Exercise aim:
Copying exactly, give the lines in the material below from the one with "Scaly-breasted Munia - ML645146150" to the one with "Trattamento Reiki a distanza", ends included, and nothing besides.

Supplied records:

★ ★ ★ ★

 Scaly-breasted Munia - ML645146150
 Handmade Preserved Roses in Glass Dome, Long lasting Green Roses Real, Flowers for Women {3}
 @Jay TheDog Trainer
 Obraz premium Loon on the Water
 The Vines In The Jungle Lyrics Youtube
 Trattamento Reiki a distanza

★ ★ ★ ★

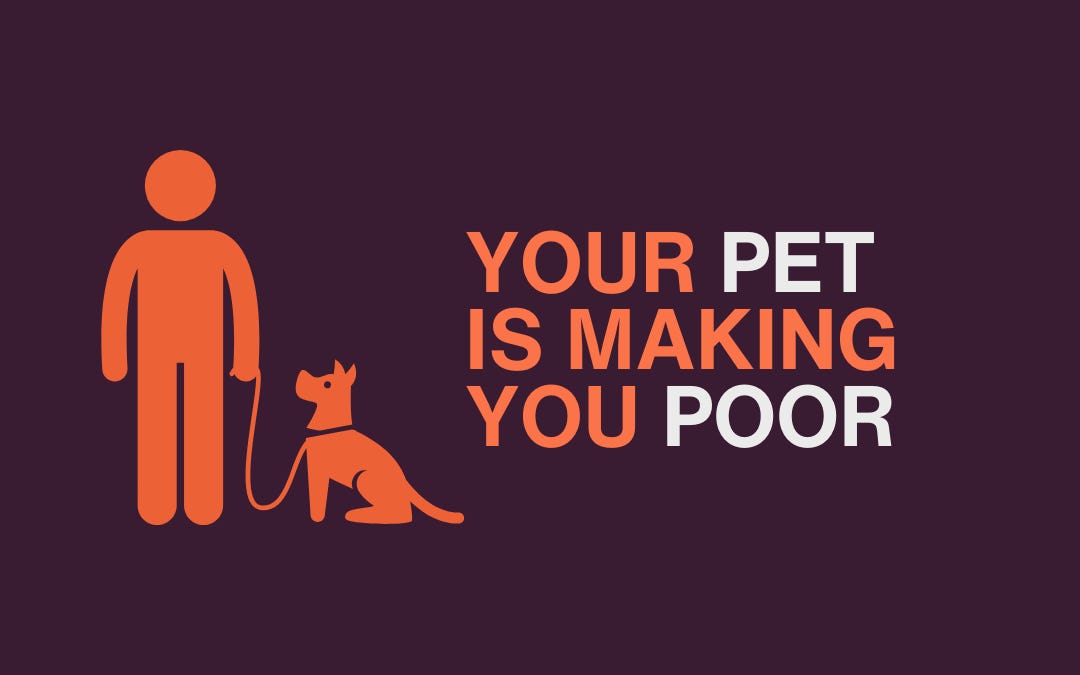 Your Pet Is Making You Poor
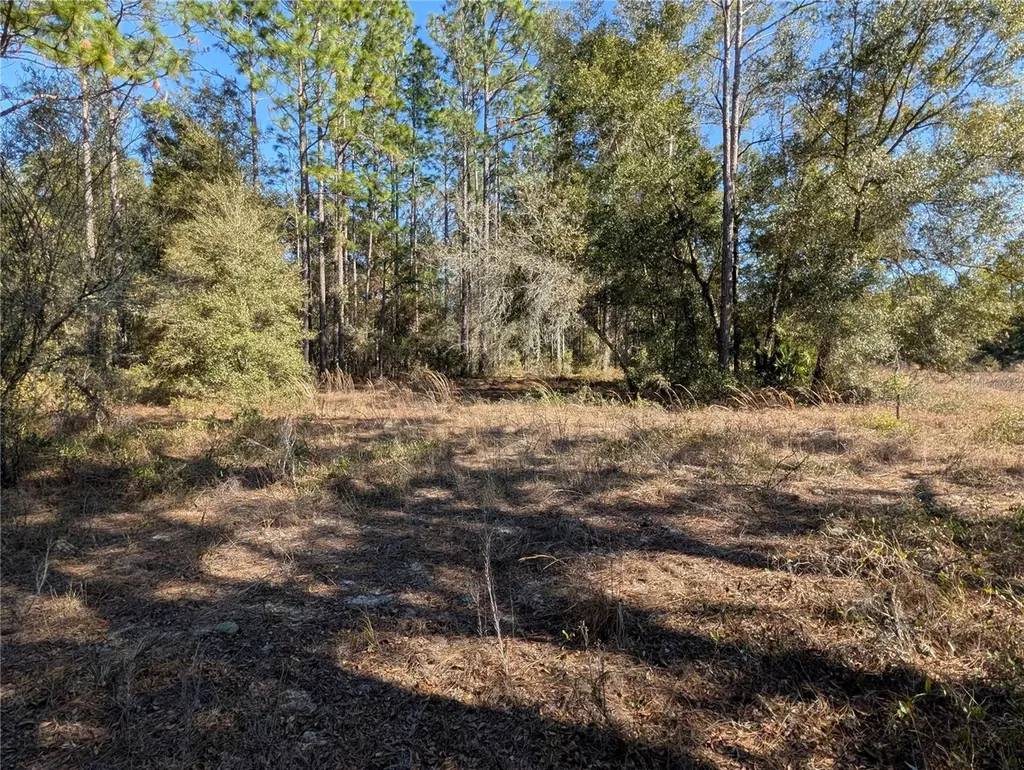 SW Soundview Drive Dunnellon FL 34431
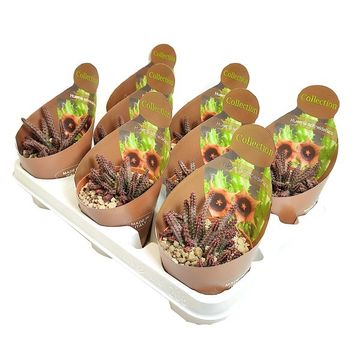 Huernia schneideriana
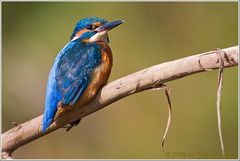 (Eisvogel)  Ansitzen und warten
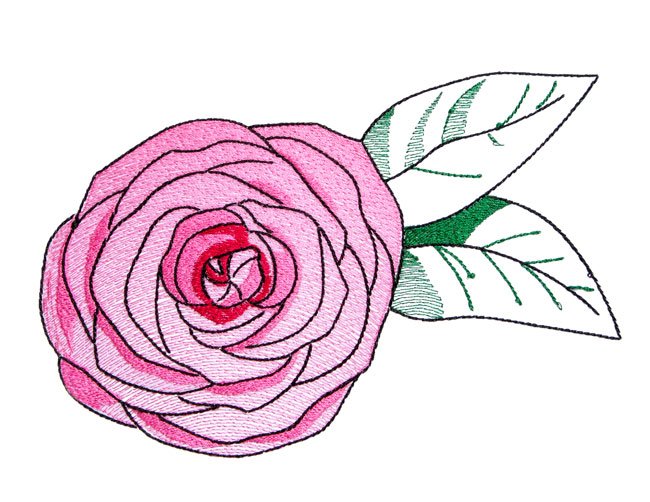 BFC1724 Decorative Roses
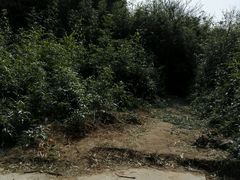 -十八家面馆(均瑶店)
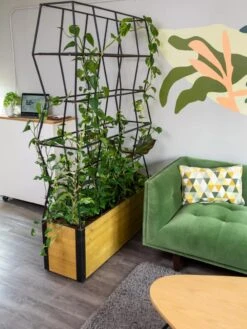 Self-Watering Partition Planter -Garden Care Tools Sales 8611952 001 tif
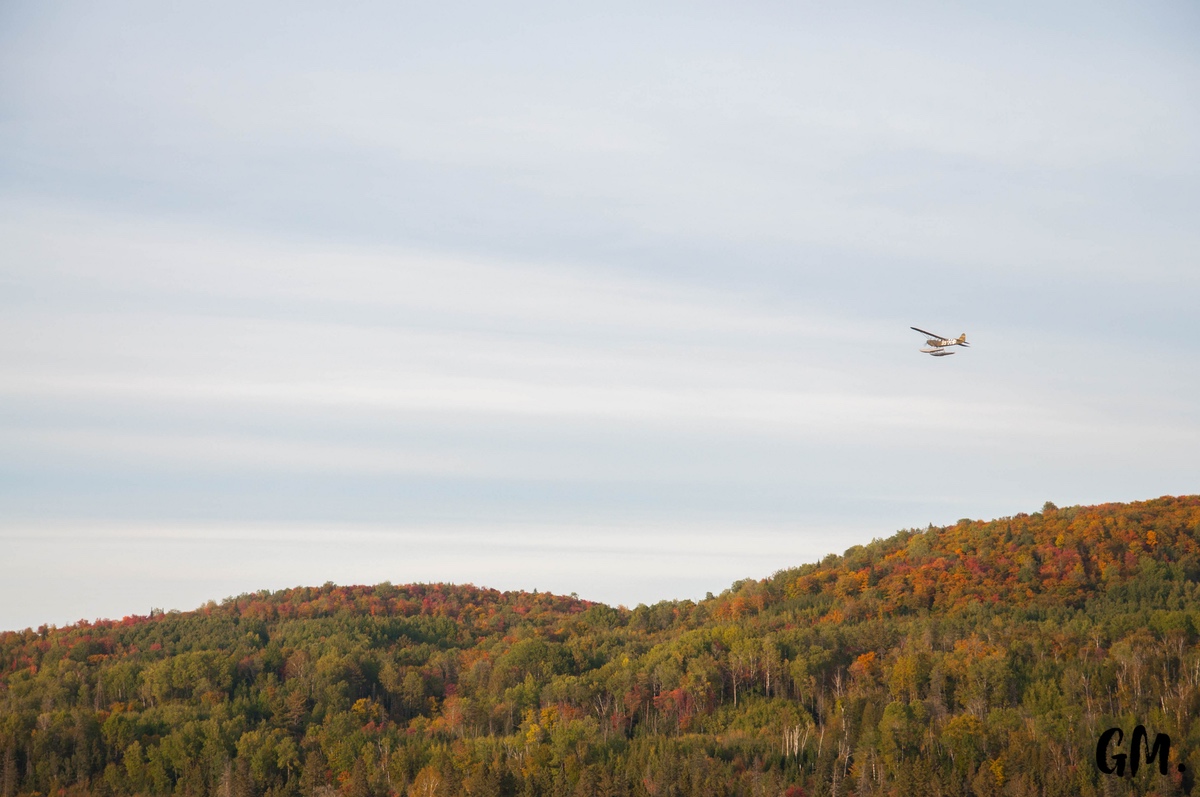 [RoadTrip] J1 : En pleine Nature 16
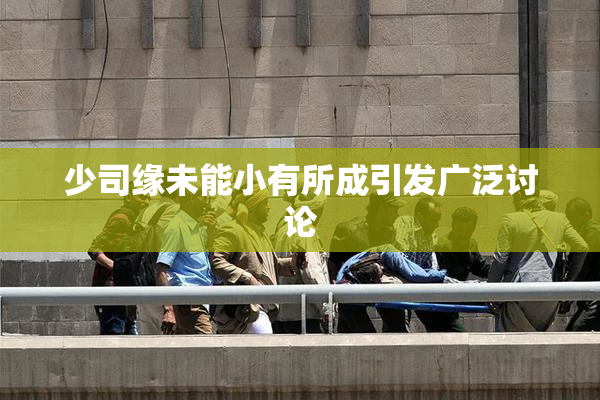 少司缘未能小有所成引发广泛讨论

★ ★ ★ ★

Expected output:
 Scaly-breasted Munia - ML645146150
 Handmade Preserved Roses in Glass Dome, Long lasting Green Roses Real, Flowers for Women {3}
 @Jay TheDog Trainer
 Obraz premium Loon on the Water
 The Vines In The Jungle Lyrics Youtube
 Trattamento Reiki a distanza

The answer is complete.